[写真]=AFC

 中国第四の都市・深圳にて開催中のAFC U20アジアカップは20日までにグループステージの全日程を終了。“アジアの8強”が出揃った。勝ち残っているのは、サウジアラビア、中国、韓国、ウズベキスタン、オーストラリア、イラク、イラン、そして日本である。

 日本のグループステージは「思い描いていたプラン通りではあるけど、想定内」(船越優蔵監督)で推移することとなった。タイとの初戦は日本も緊張していたが、相手はもっと緊張していたというようなゲームの中で、石井久継(湘南ベルマーレ)の先制点から、最終的には3-0と快勝。

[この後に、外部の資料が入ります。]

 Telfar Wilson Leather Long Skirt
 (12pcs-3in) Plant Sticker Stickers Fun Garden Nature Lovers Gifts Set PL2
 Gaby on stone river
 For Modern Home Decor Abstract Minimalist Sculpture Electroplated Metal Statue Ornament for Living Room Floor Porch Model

順調なスタートを切った。

 続くシリアとの第2戦は、大会開幕前から難所としてイメージされていた。昨年行った親善試合では2-2と引き分けており、良くも悪くもそのイメージを持った状態で臨んだ。相手のカウンター対策を兼ねて採用した3バックシステムによって攻撃が重くなってしまい、相手のリスタートに対するミスも絡んで2度の先行を許す展開に。最後は交代出場のFW高岡伶颯(日章学園高校/サウサンプトン内定)の得点で命拾いする形のドローとなったが、課題を突き付けられる試合となった。

「(シリアは)命がけというか、相当な覚悟を持って試合に臨んでいた。気持ちの部分で自分たちが劣ってしまってたのは反省です」(MF大関友翔/川崎フロンターレ)

 技術・戦術、駆け引きといった部分での課題はもちろん、新たな国家体制になり、新しい国旗を背負って戦っていたシリアの気迫は特別なものもあり、そこに圧倒された面があったのも否めない。シリア戦は“負けたら終わり”のプレッシャーに晒されながら、国を背負って戦うアジア予選特有のシビアさを選手たちが、肌で感じる機会にもなった。

 最後は韓国とのグループステージ最終戦。日本にとっては「引き分け以上で突破決定」というシチュエーションだったが、韓国はすでに突破を決めている状態。しかも1位抜けと2位抜けでの日程上の差もないため、韓国側は先発8名を入れ替えるほぼターンオーバーを選択してきた。ハーフタイムに行った交代が第3GKの投入だったことからもわかるように、その温度感はかなり低めだった。かつては韓国側に強く存在した“日韓戦だから”という論理もだいぶ薄くなったことを、あらためて実感させられる光景だった。

 その相手に日本は幸先良くFW神田奏真(川崎フロンターレ)が前半のうちに先制点を奪い取り、優勢を確保。その後は「見てる人は退屈だったと思うんですけど」とDF市原吏音(RB大宮アルディージャ)が振り返る“意図した塩試合”の流れに持ち込んだ。

「韓国もグループステージ決まってて、無理して来なかったですし、うまく時間を使いながらボールを回して(時計を進めた)。大人のサッカーというか、これもサッカーの一つ。真剣勝負の上ではあること」(市原)

 個人プレーでの仕掛けはあったが、全体では互いに無理をすることなく時間を経過。韓国側もガムシャラな攻勢を始めるといったことはなく、このまま試合終了かと思われた。だが、まさにそこに落とし穴があり、後半アディショナルタイムに、自陣でのミスからボールを失い、その流れから決められるという最悪な形で同点に追い付かれ、試合は終了。1-1での引き分けに終わった。

 引き分け以上で突破が決まる状況でのドロー決着は本来そこまで落胆するべきではないが、勝利をほぼ掌中に収めながらの失態に、試合後の選手たちからは敗戦後のようなムードが漂ってしまうこととなった。ただ、過去のユース代表を思い出しても、グループステージで順風満帆なら次のステージでうまくいくというわけではなかった。ポジティブに解釈すれば、若い選手たちが「失敗しながら成長していく」(船越監督)過程とも言えるし、決戦を前に苦い薬を飲んだとも言えるだろう。

 23日、イランとの準々決勝は「勝てば世界切符、負ければチーム解散」の試合である。韓国戦のようなややこしい状況ではなく、全力を傾注して勝利を目指すのみ。チーム結成以来最大の決戦が迫りつつある。